MATERIAL SHOWN START
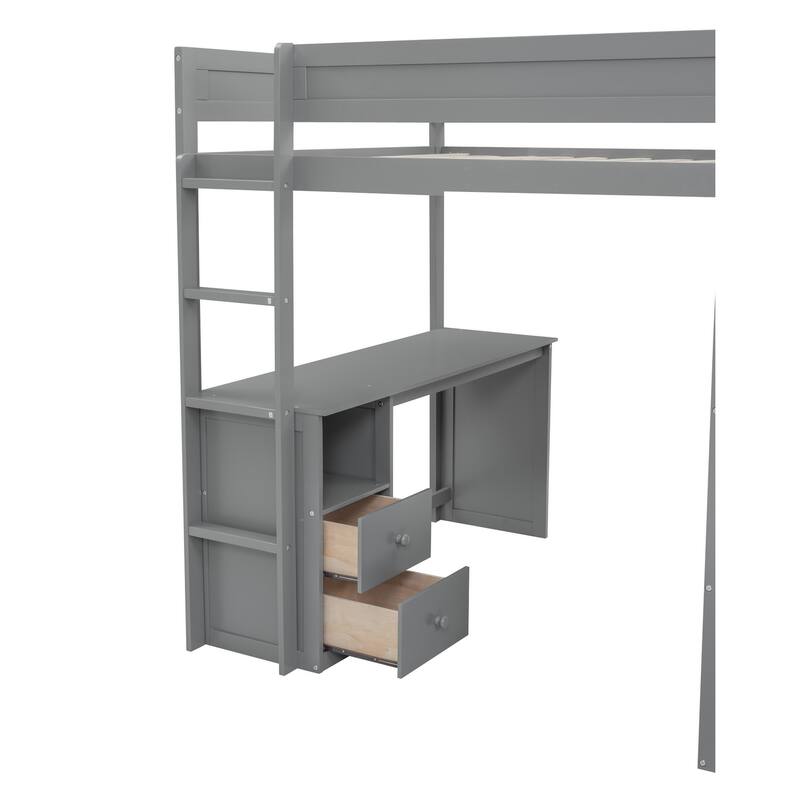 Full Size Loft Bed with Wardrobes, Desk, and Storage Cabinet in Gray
MATERIAL SHOWN END
MATERIAL SHOWN START
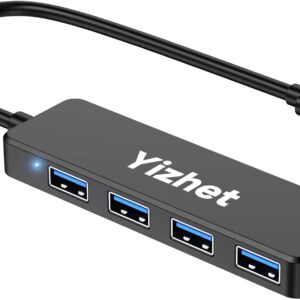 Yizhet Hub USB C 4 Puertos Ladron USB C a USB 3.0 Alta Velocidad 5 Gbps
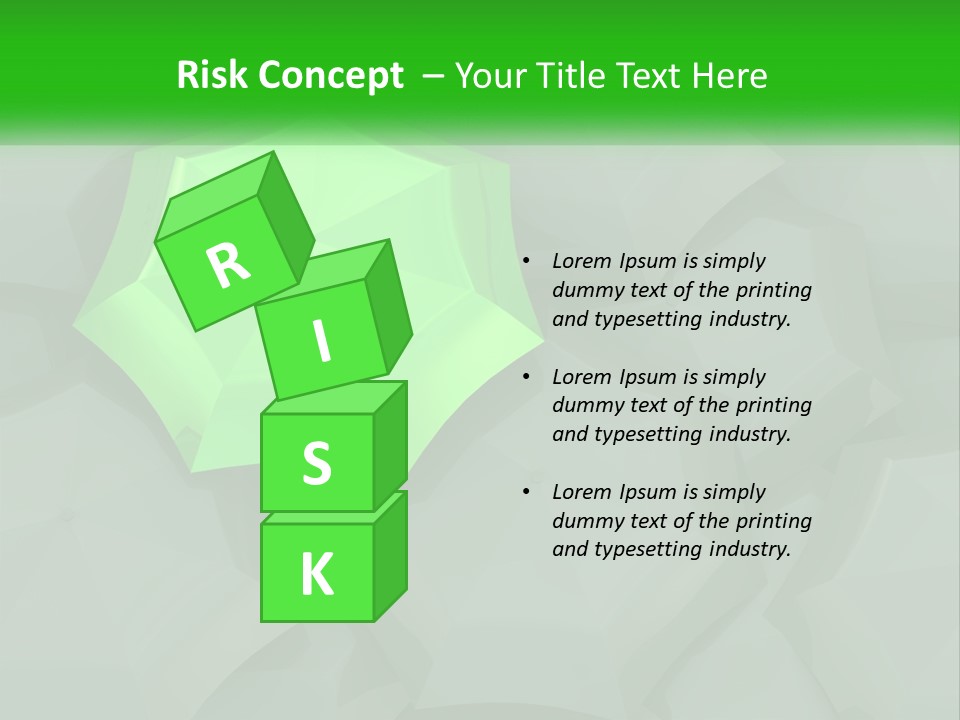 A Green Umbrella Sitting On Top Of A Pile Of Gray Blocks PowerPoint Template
MATERIAL SHOWN END
• [WHAT THE TASK REQUIRES] Beginning at the line above that contains "Yizhet Hub USB" and going on through the line that contains "A Green Umbrella", please copy every line exactly, leaving the pictures out and adding nothing.

• [TASK RESULT]
 Yizhet Hub USB C 4 Puertos Ladron USB C a USB 3.0 Alta Velocidad 5 Gbps
 A Green Umbrella Sitting On Top Of A Pile Of Gray Blocks PowerPoint Template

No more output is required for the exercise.